The most popular hook used while tip-up fishing is a treble hook, as they are incredibly versatile; however, some anglers also opt for Swedish-style hooks (especially the pike variety) or octopus hooks.
Many anglers agree that regarding hooks For tip ups – the smaller the hook, the better the fishing results with a tip-up rig and ice fishing in general. In the colder water, fish are lethargic and are less likely to greedily gulp down #4 to #6 sized hooks, which they have had an opportunity to inspect thoroughly.
Instead, fooling them with a smaller, well-hidden hook gives better results.

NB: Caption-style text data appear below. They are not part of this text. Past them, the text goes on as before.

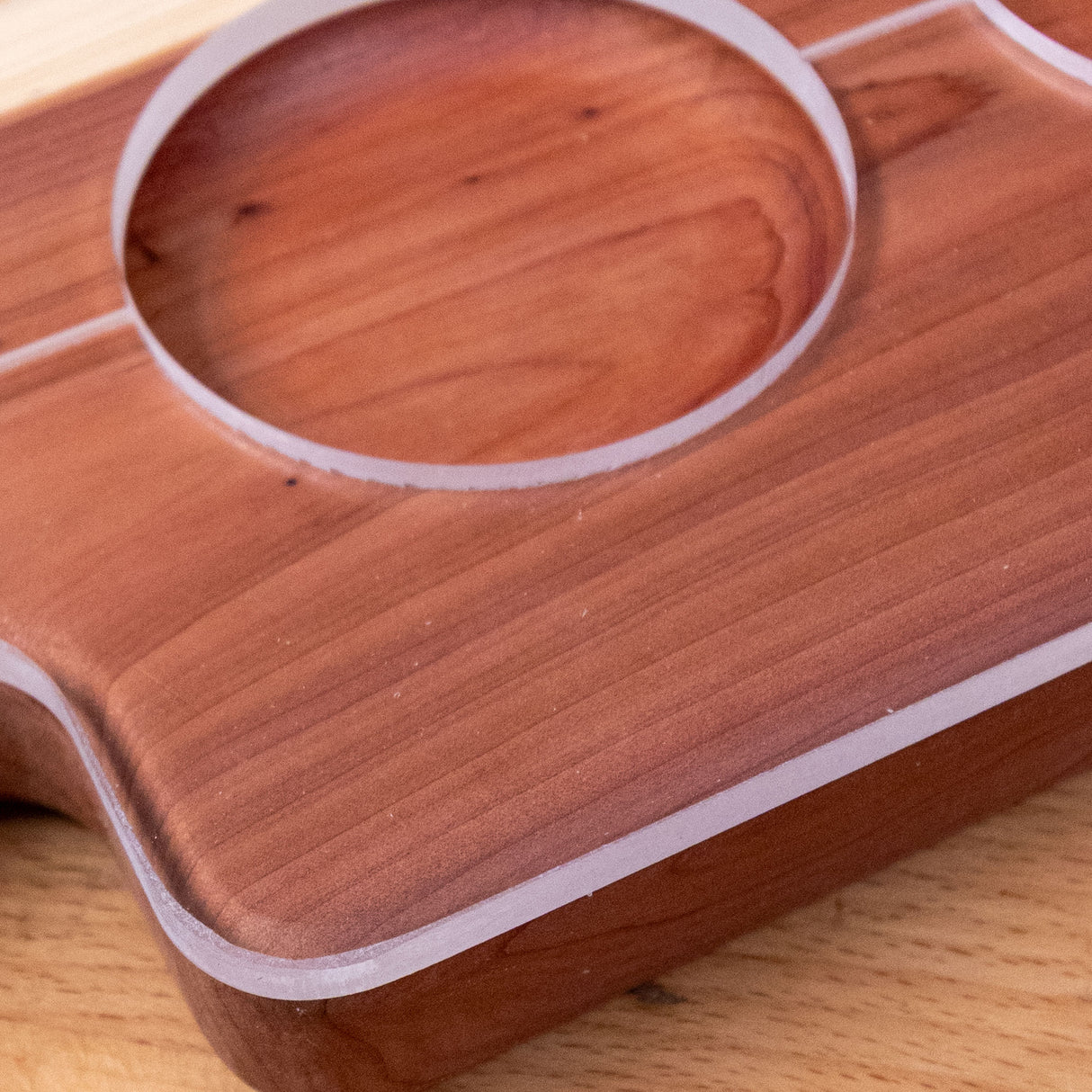 Closeup of a wooden board with precisely routed circular and straight grooves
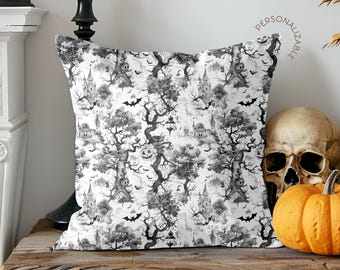 May include: A square throw pillow featuring a black and white repeating pattern of haunted castles, gnarled trees, flying bats, and jack-o'-lanterns. The text "PERSONALIZABLE" is printed in a small arc in the upper right corner of the design.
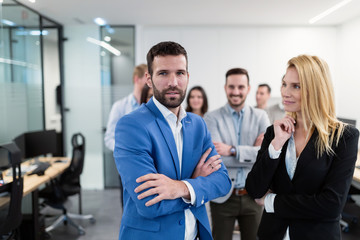 Group picture of business team posing in office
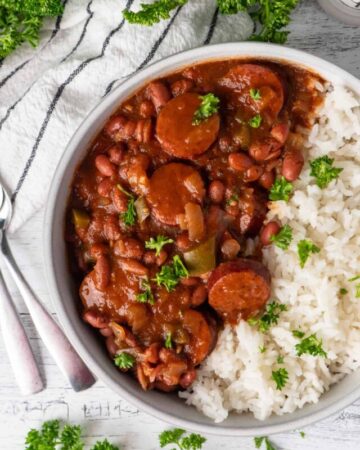 A white bowl with red beans and rice on white wood background.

Most anglers choose to target the following fish while fishing with tip-up rigs:
|Fish Species||Fish size||Hook size|
|Bluegill||Panfish (small to medium)||#8 to #14 size octopus hook|
|Crappie||Panfish (small to medium)||#8 to #14 size octopus hook|
|Perch||Panfish (small to medium)||#8 to #14 size octopus hook|
|Walleye||Game fish (medium to large)||Walleye can be caught on hooks as small as #16 but generally between #6 to #8.|
|Lake trout||Game fish (medium to large)||#6 to #12 size hook works well for trout.|
|Northern pike||Game fish (medium to large)||#6 to #8 size for medium-sized fish, but for trophy-sized pike, you may need a #4 size hook.|
Some anglers disagree with using a tip-up setup for smaller fish, as they believe that smaller fish do not trip the tip-up sufficiently enough. Instead, they believe that tip-up efforts should be directed to catching lake trout, northern pike, and walleye.
After the type of fish you are targeting, the next biggest determining factor for hook size is the size of the bait you are using.
Bait may actually play a more pivotal role in determining hook size than the fish species you are targeting. When using frozen bait (non-living bait), hook sizes of 16, 14, 12, and 10 are ideal choices.
If you are using live bait, like emerald shiners (blues) or smaller minnows, a size 10 or 8 is what you should aim for (but depending on the species, you could even go as small as a size 16, e.g., walleyes).
When using larger live bait, such as sucker minnows, then a hook-sized 8 or 6 would be optimal. Although, in most situations, if you used a size 10 or 8 hooks, it may still be sufficient.
The limiting factor is, is the hook strong enough to hold a fish of between 15 and 20 pounds?
And if so, what is the smallest-sized hook that can do that? Again, the smaller, the more beneficial when ice fishing.
Other popular baits include:
- Golden (and other live) shiners
- Frozen herring
- Raw chicken
The choice of which bait to use is a more or less personal preference. Many anglers swear by their preferred bait. The reality is, if it works for you, great!
Remember, fish (both live bait and the fish you’re targeting) are rather sluggish in the ice, so something that moves may entice a lazy fish into taking a bite; however, that is accomplished.
The benefits of using a tip-up when ice fishing are tremendous. You can cover more ground while not needing to be directly in control of your rig, or you can jig with a small handheld rod while the tip-up does the job of waiting for a bite.
When deciding what size hook to use with a tip-up, the important factors to consider are what type of fish you are targeting and what bait you are using. The smaller the hook, the better the results.